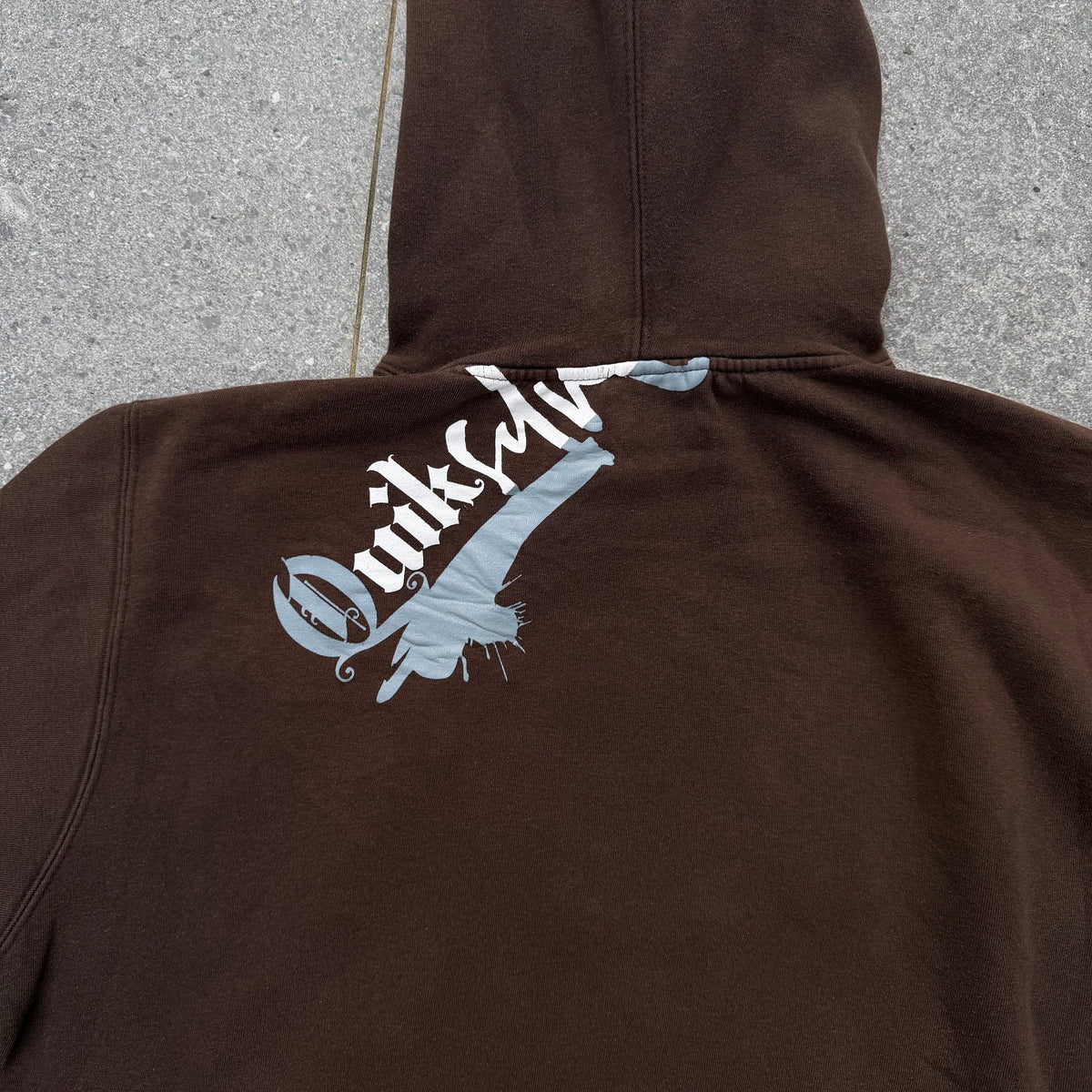 flawless quiksilver choco hoodie - XS/S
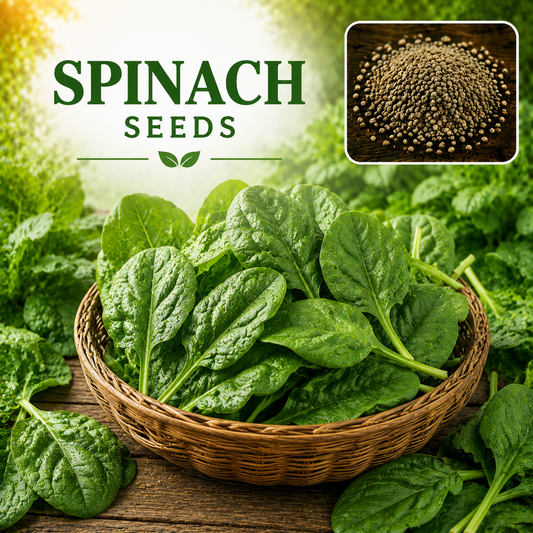 Spinach (پالک) 300+ Seeds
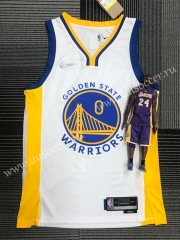 75th Anniversary Edition 2022  NBA Golden State Warriors White#0 Jersey-311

Work item:
Take the preceding listing and transcribe it exactly, skipping the pictures.

Solution:
 flawless quiksilver choco hoodie - XS/S
 Spinach (پالک) 300+ Seeds
 75th Anniversary Edition 2022  NBA Golden State Warriors White#0 Jersey-311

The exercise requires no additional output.